(PROVIDED MATERIAL begins)

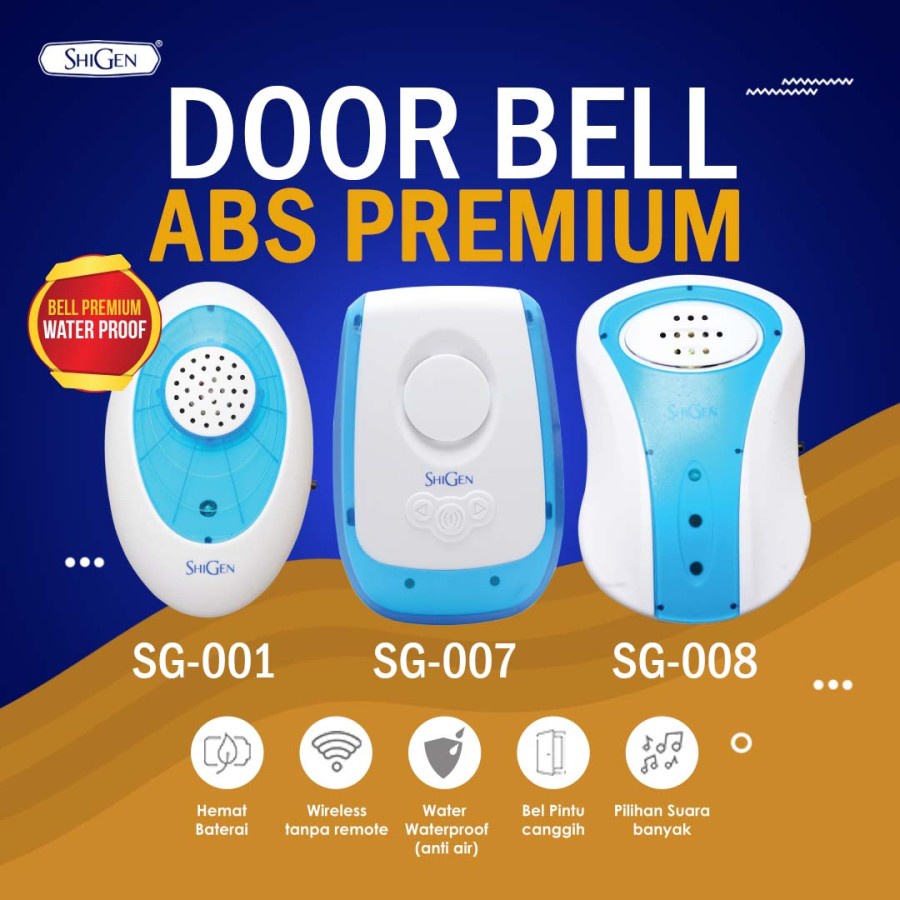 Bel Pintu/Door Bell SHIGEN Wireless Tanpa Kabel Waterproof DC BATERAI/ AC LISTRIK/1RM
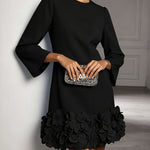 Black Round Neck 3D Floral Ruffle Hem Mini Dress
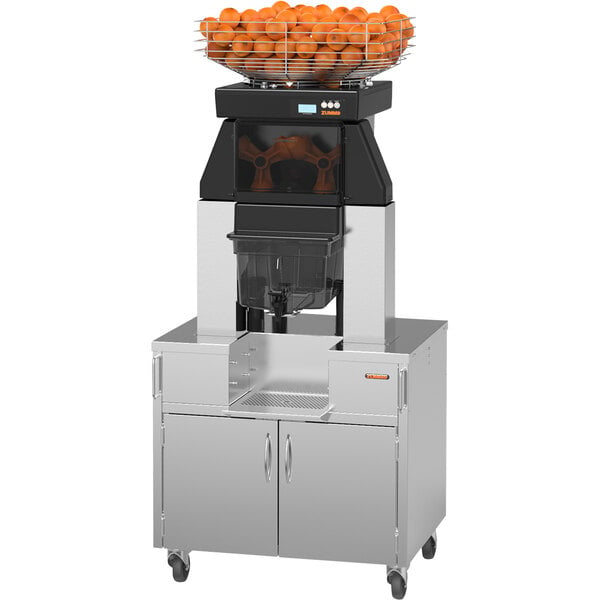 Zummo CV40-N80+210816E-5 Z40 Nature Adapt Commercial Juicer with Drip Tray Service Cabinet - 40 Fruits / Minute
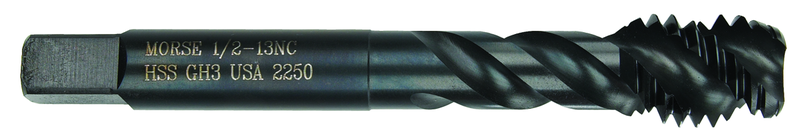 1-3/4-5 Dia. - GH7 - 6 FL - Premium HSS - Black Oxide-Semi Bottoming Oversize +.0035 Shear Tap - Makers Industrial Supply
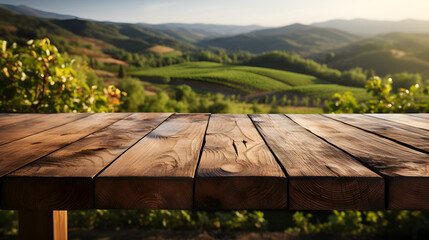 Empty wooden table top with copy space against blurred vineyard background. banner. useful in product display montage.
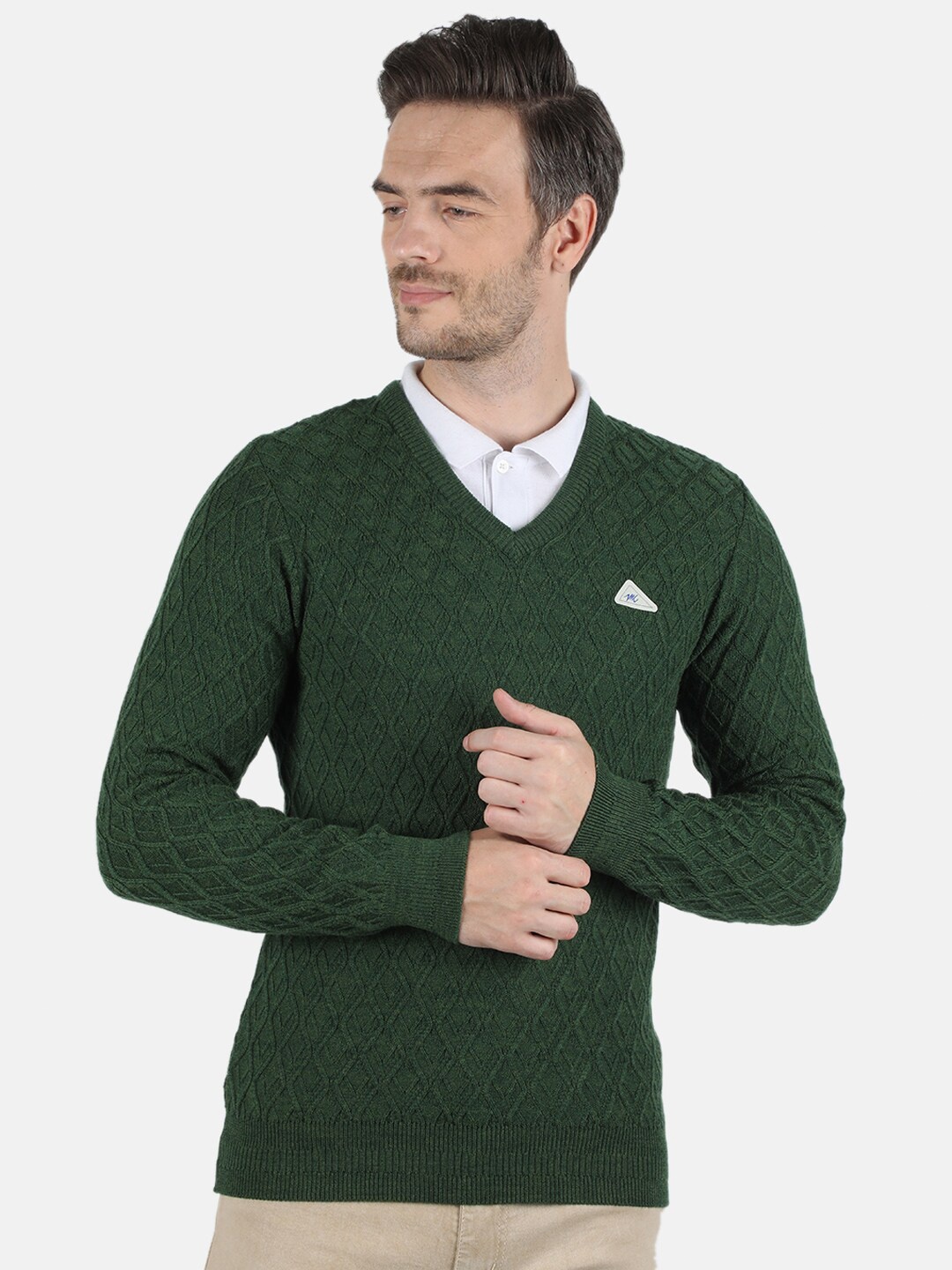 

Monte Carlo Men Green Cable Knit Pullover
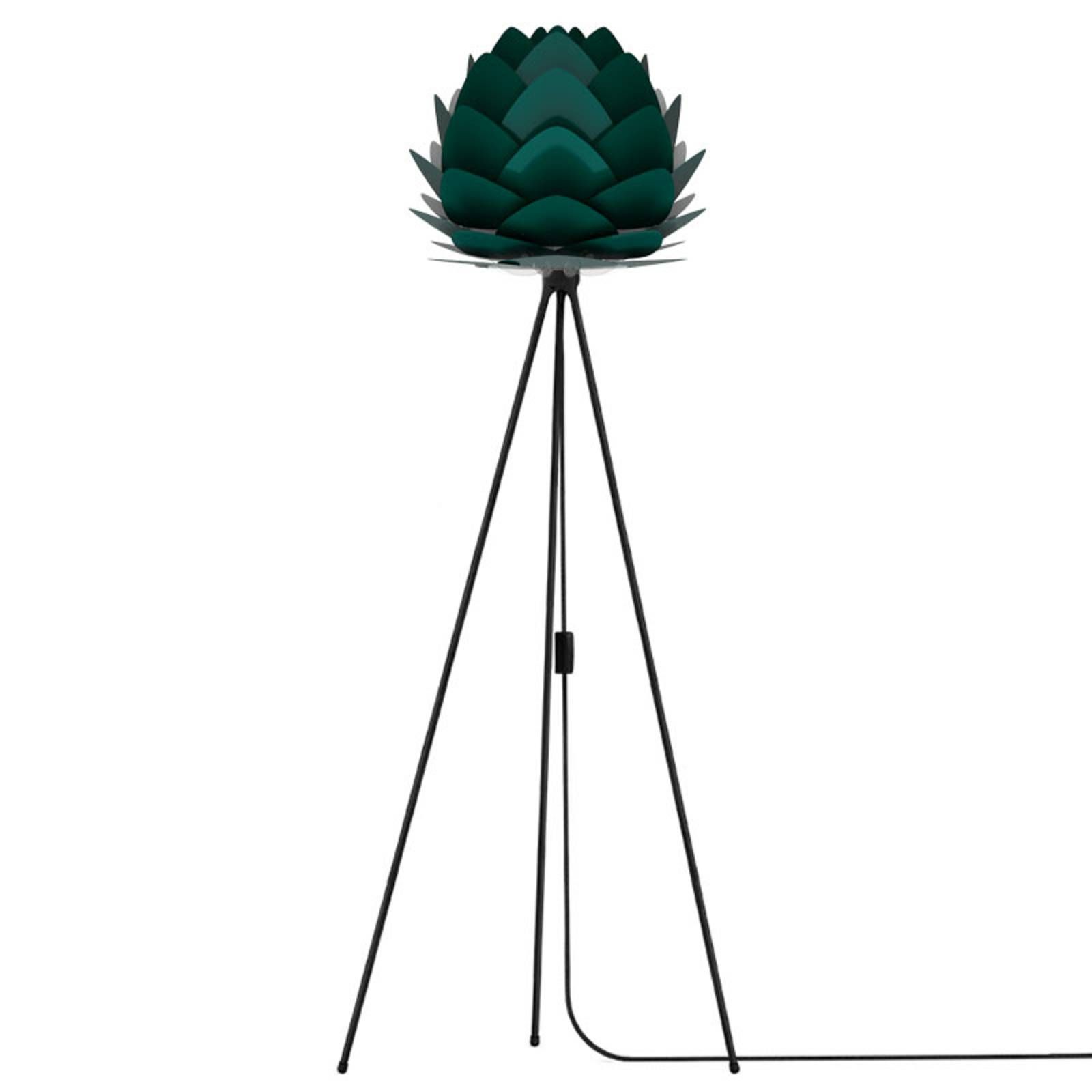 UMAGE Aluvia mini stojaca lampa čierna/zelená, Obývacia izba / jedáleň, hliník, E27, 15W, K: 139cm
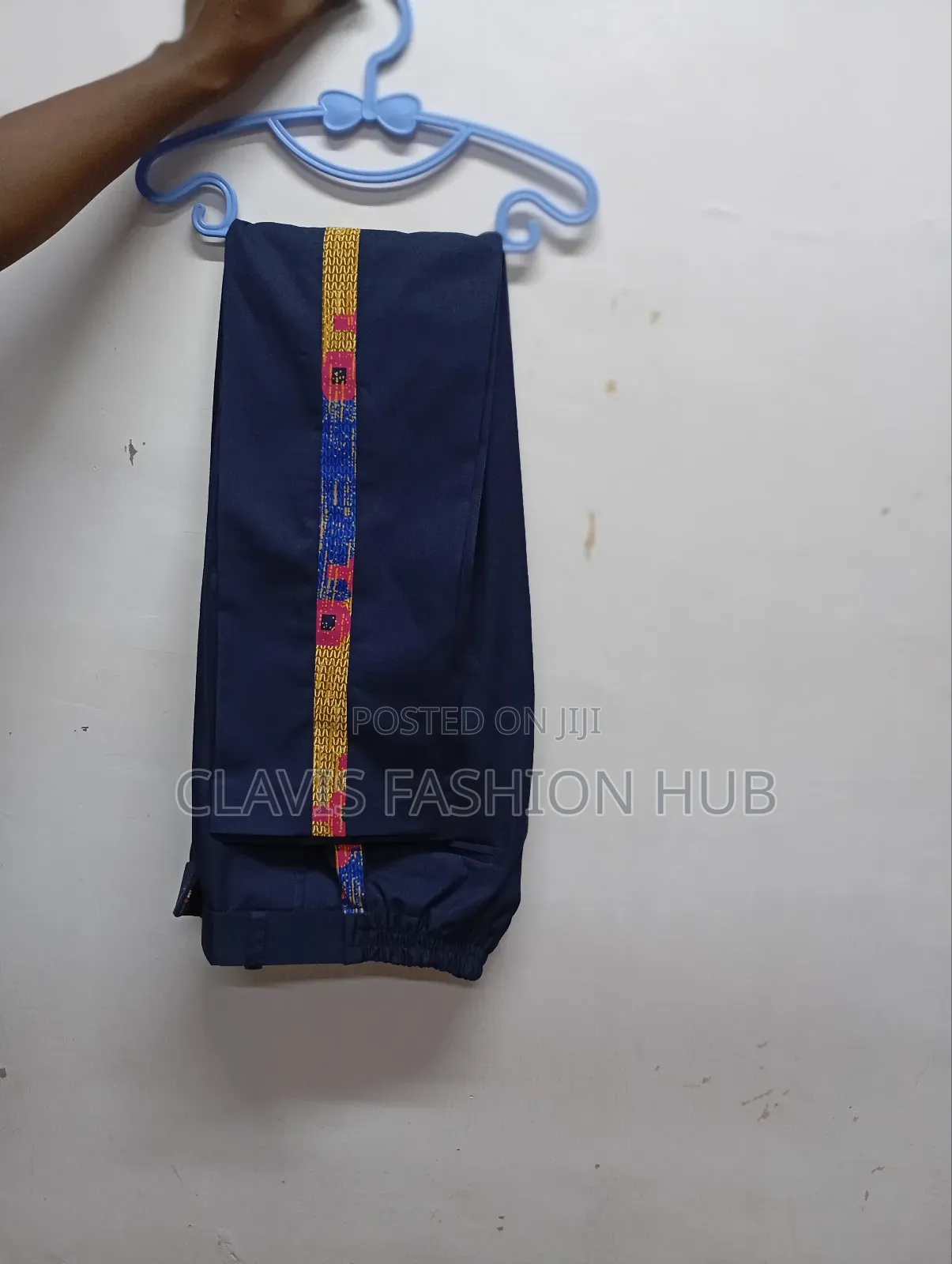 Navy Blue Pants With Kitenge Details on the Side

(PROVIDED MATERIAL ends)

## WORK TO BE COMPLETED
Please write out, word for word, each line from the one with "Empty wooden table" to the last line of the data, keeping both ends and omitting pictures.

## ANSWER SPACE
 Empty wooden table top with copy space against blurred vineyard background. banner. useful in product display montage.

Monte Carlo Men Green Cable Knit Pullover
 UMAGE Aluvia mini stojaca lampa čierna/zelená, Obývacia izba / jedáleň, hliník, E27, 15W, K: 139cm
 Navy Blue Pants With Kitenge Details on the Side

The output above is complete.